I am pretty low key about my journey as a Nak Muay (Muay Thai Fighter) but it is a massive part of my existence and one of the main reasons for me traveling around the world so I am going to share with you some of my experiences.

There are loads of reasons why I love Muay Thai. Yes I love the training and the pain, but most of all (believe it or not) I love how it has made me into a peaceful warrior. You see if you are stepping into the ring with fear and anger you will never really win the war going on internally in yourself. Mastering the art of staying calm and relaxed in your training and during the fight whilst performing like a powerful warrior is when you know you have cracked it. This was always my goal.

I prepared hard for my last fight on 29th January, which was to be my 6th pro fight. I knew my opponent was an experienced fighter but I was taller, stronger. Everything was in my favour…. So I thought. There are a few important life lessons I was reminded of on that night. The first one is ‘never underestimate your opponent’.

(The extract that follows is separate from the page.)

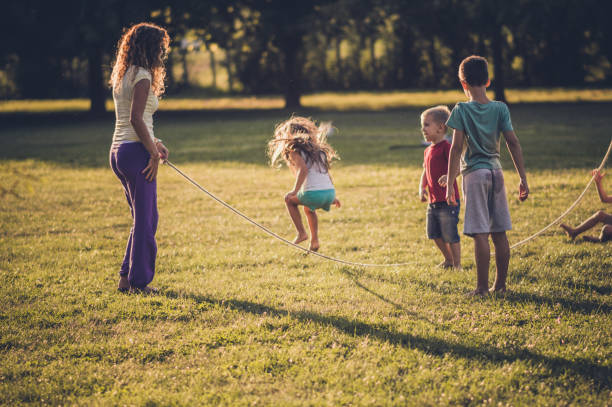 istock Group of children playing in public park 1091049488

It was a good technical Muay Thai battle. Shin on shin hard, elbows, knees, both of us waiting for the counter opportunity so the referee was rushing us to move. I would bluff or move first and she would score back and move every time. She wasn’t going for the clinch as we had anticipated, she was scoring on the counter. That was her plan and it was effective and I wasn’t expecting it. For ladies, Muay Thai fights are usually 4 rounds. It was so close that we were given a fifth round. I had my trainers Noi and Chai in my corner both telling me to go forward or I would loose. At that crucial time I didn’t focus in the moment because if I did, I would have won. If I would have gone forward in full beast mode it would have been game over.

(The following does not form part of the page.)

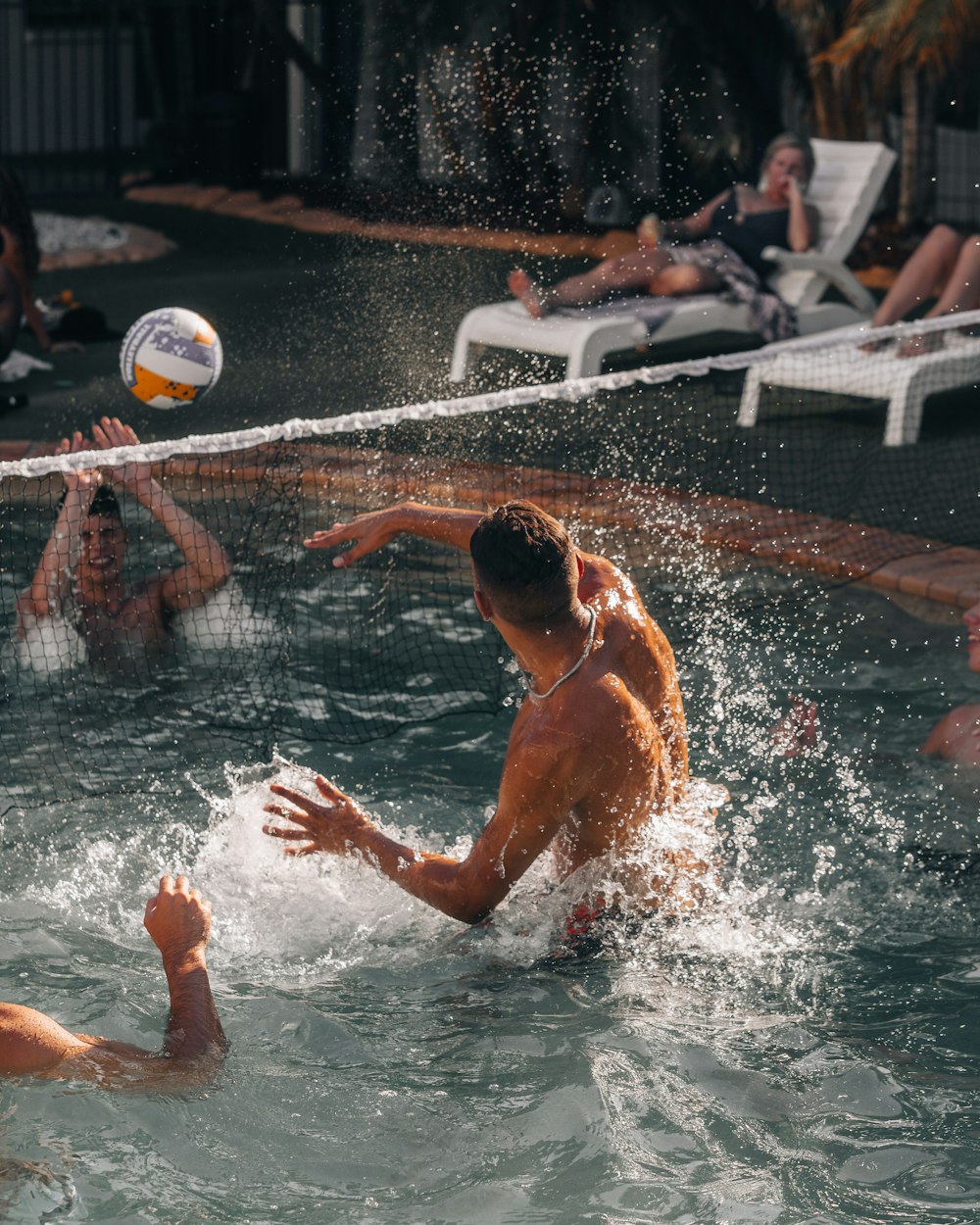 Mann im Schwimmbad, der tagsüber Volleyball spielt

Second life lesson…. there are times when you have to GO! You don’t have all the time in the world, you gotta get business done quick or the moment is over. And it was… I lost on points.

If I am honest, I wasn’t really concerned with the outcome of the fight, I just wanted to know and feel that I had fought good (technical Muay Thai), and put on my best performance on the night. I felt I did and I had progressed so much from my last fight even though I didn’t get the win. I actually remember looking into my opponent’s eyes and seeing her soul as we hit bone on bone over and over. Not even hearing the crowd, just Noi and Chai’s voices shouting every opportunity they could see for me.

At the end of the fight, the Thai crowd tipped me money (1000tbh) to show respect because it was such a courageous brave battle. I was both honored and touched by this as I knew the respect was real and I was fighting legit Muay Thai. I had war wounds, my shins were raw but I felt awesome. It reminded me how durable the human body is and what it can withstand especially when your mindset and positive thinking is in the right place.

With all that said, nothing could have prepared me for the hurt and disappointment I felt from my coaches the day after. Nothing was said, I could just feel the emotion. Third life lesson… ‘ when you go into battle as a team, you step on the battlefield together ‘

“ We feel like this because we could see that you could win easy and you were much better than she. But you had a good fight. That’s Muay Thai “ Charoon Juntra’s words (pictured) are always so powerful. When he speaks you listen. He never bullshits and tells you exactly how it is. That’s why I have the upmost respect for him. He often (without knowing) gives me inspiration for my motivational quotes and speeches. I looked at all three of my trainers, Charoon, Noi, Chai, and then it dawned on me. They had so much belief and hope in me and when it came to the moment of truth where I had to believe in myself without hesitation, it didn’t happen. All of a sudden I felt that I had let them down as well as myself as it was there for the taking. I know this better than anyone that as a trainer, your work is measured on how good your students are. When they don’t succeed, you go through an emotional rollercoaster with them of why they didn’t. You are connected. When they are tested, you are in that ring with them, willing them to win. When they take an unnecessary loss, it’s heartbreaking. Then the words came out of my mouth “ I want a rematch….”

And so the story continues…..

It is not the victories you learn the most from in life, it is the defeats. They are our greatest lessons and hold the answers to how we can constantly improve ourselves as human beings. Knowledge is infinite. Roll on March! Ous!